Hallucination Guard — 4-Layer AI Fabrication Defense

Detect and prevent AI agent hallucinations during task execution. Use when: (1) an agent claims to have created files, commits, or artifacts — verify them, (2) an agent produces data reports or numbers — audit against source, (3) running long multi-step tasks where fabrication risk is high, (4) you need cross-model verification of critical outputs. Provides 4-layer defense: L0 context hygiene, L1 claim-evidence protocol, L2 cross-model audit, L3 drift detection. NOT for: simple Q&A, opinion-based tasks, or conversations where factual accuracy is not critical.

Audits

Pending

ClawScanPass

Agentic behavior and permission review.

Static analysisPending

Pattern checks against bundled files.

VirusTotalPending

Multi-engine malware detections and file reputation.

Install

openclaw skills install hallucination-guard

Hallucination Guard

4-layer defense against agent fabrication.

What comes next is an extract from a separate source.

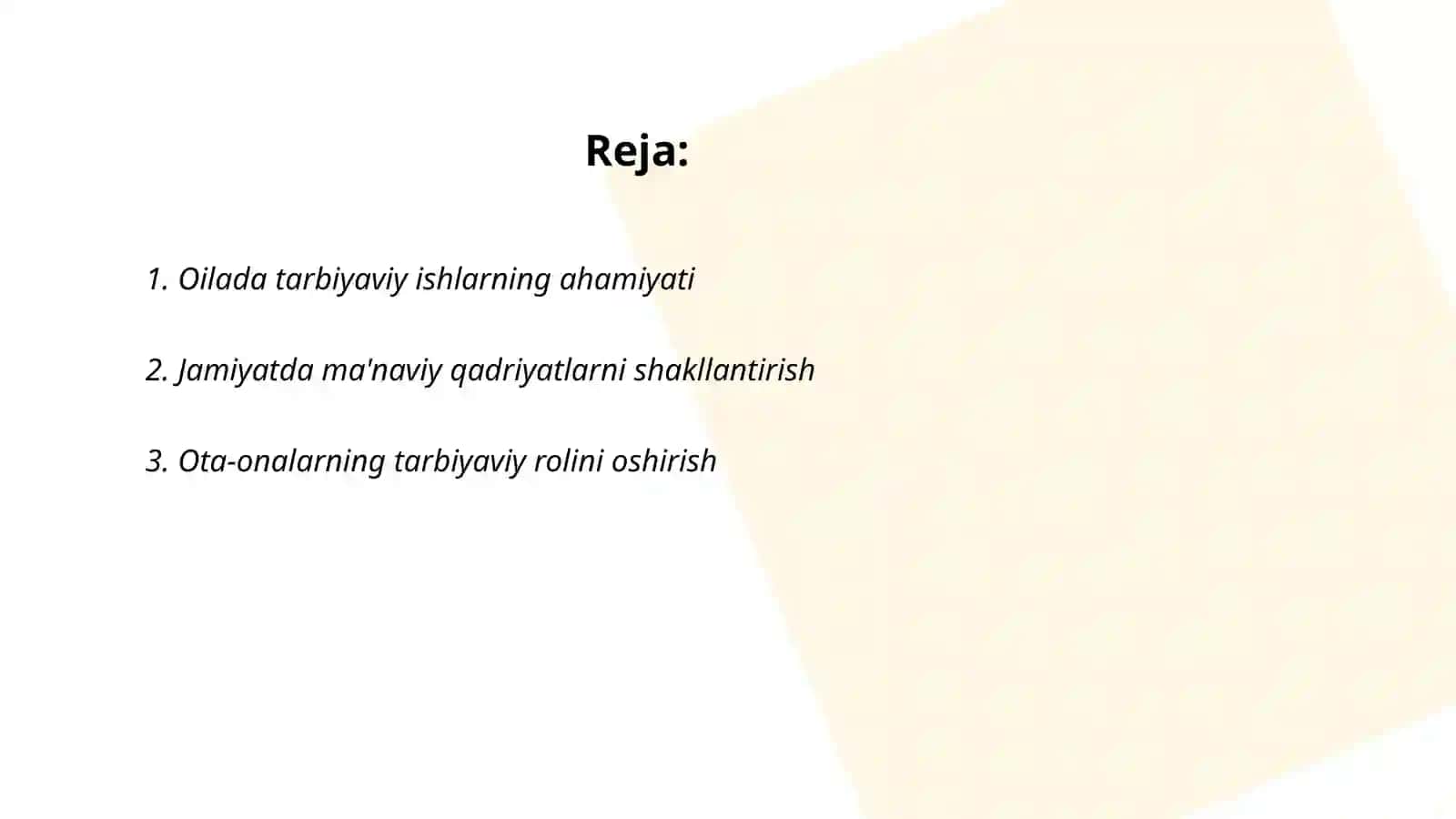 Oilada tarbiyaviy ishlarning ahamiyati 2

Each layer is independent — use one or combine.

When Hallucinations Happen

Highest risk conditions (apply more layers when these are present):

Extended sessions (>50 turns or >30min continuous work)
Tasks involving file creation, code, git, or data analysis
Agent reporting quantitative results (numbers, metrics, PnL)
Multiple sequential "successes" with no errors or retries

Layer 0: Context Hygiene (Prevention)

Reduce hallucination probability before it starts.

For long tasks (>10 steps):

Break into segments of ≤8 steps each
Between segments: flush working state to a file, reload from file (not from in-context memory)
Each segment starts with read of the state file — never trust carried-over context for facts

For data-intensive tasks:

Load source data from files at point of use, not from earlier context
If a number was mentioned 20+ turns ago, re-read the source before citing it

Cost: Zero. This is a workflow discipline, not an API call.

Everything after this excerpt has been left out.